• [Problem to work on]: Quote word for word the lines below, beginning with the first and ending with the one that has "Hello and welcome". Drop the pictures.

• [Data in this exercise]:
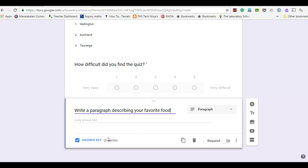Importantly, for these sorts of questions where the respondent is adding text or a paragraph, usually you wouldn't use these in quizzes, as it would require the respondent to have the paragraph or text exactly as what is in the answer key. So generally it's just for surveys or other purposes other than quizzes.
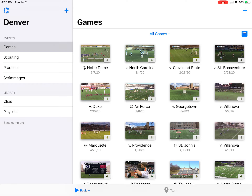In this video I'll be showing you how to create a practice. This method can also be used for creating games as well. On the left hand side you will see a section called events, and under events you have games, scouting, practices, and scrimmages.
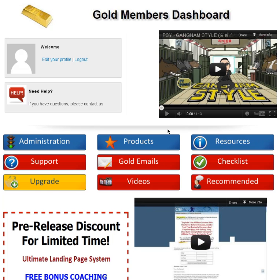Hi, this is Rod, and I'd like to welcome you to your members area here, and thank you for your purchase. I hope the product meets up with your expectations, and so without further ado, we'll have a little walkthrough on the member areas for both the gold and the platinum.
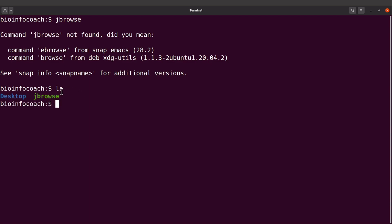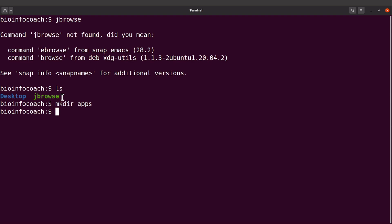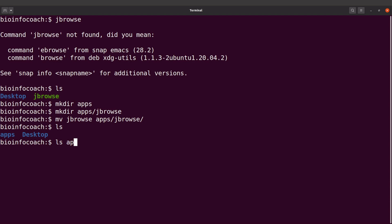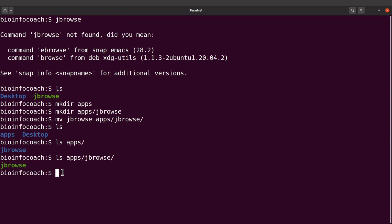Let's do an ls to see what we have. I'm going to create a directory called apps to keep things organized. I'll say mkdir apps/jbrowse and then move the JBrowse executable there using mv jbrowse apps/jbrowse. I always try to organize my tools by putting them in a single installation directory.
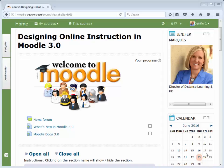Welcome back to Designing Online Instruction in Moodle 3. This tutorial will focus on Turnitin. Turnitin checks student submissions through originality checking services that compare and match similar text to information in available repositories.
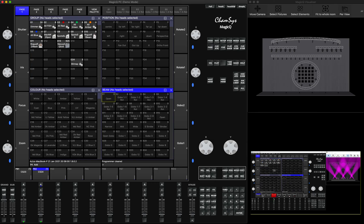You're arriving on site, at a festival, and someone has been using a different console as the house desk. They have programmed a lot of really nice positions with the fixtures you've already patched in your show file. They already prepared really nice looks, and you don't want to go through the same fixtures again trying to recreate those looks when you're on the clock.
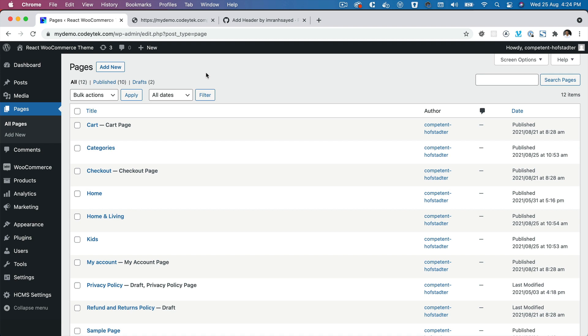Hello and welcome everyone to another episode of React WooCommerce Theme with WordPress REST API. In the previous episode, we learned about how to set up the Next.js project with Tailwind CSS, and in this video we are going to learn about how to set up the WordPress menu.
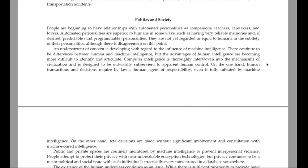Politics and society. People are beginning to have relationships with automated personalities as companions, teachers, caretakers and lovers. Automated personalities are superior to humans in some ways, such as having very reliable memories and, if desired, predictable and programmable personalities. They are not yet regarded as equal to humans in the subtlety of their personalities, although there is disagreement on this point. An undercurrent of concern is developing with regard to the influence of machine intelligence.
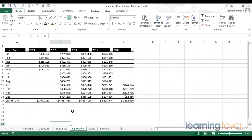In the last video, we looked at the very useful data bars feature within conditional formatting. In this video, we're going to understand color fill, another really effective way of highlighting information within your data.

• [Written answer]:
Importantly, for these sorts of questions where the respondent is adding text or a paragraph, usually you wouldn't use these in quizzes, as it would require the respondent to have the paragraph or text exactly as what is in the answer key. So generally it's just for surveys or other purposes other than quizzes.
In this video I'll be showing you how to create a practice. This method can also be used for creating games as well. On the left hand side you will see a section called events, and under events you have games, scouting, practices, and scrimmages.
Hi, this is Rod, and I'd like to welcome you to your members area here, and thank you for your purchase. I hope the product meets up with your expectations, and so without further ado, we'll have a little walkthrough on the member areas for both the gold and the platinum.
Let's do an ls to see what we have. I'm going to create a directory called apps to keep things organized. I'll say mkdir apps/jbrowse and then move the JBrowse executable there using mv jbrowse apps/jbrowse. I always try to organize my tools by putting them in a single installation directory.
Welcome back to Designing Online Instruction in Moodle 3. This tutorial will focus on Turnitin. Turnitin checks student submissions through originality checking services that compare and match similar text to information in available repositories.
You're arriving on site, at a festival, and someone has been using a different console as the house desk. They have programmed a lot of really nice positions with the fixtures you've already patched in your show file. They already prepared really nice looks, and you don't want to go through the same fixtures again trying to recreate those looks when you're on the clock.
Hello and welcome everyone to another episode of React WooCommerce Theme with WordPress REST API. In the previous episode, we learned about how to set up the Next.js project with Tailwind CSS, and in this video we are going to learn about how to set up the WordPress menu.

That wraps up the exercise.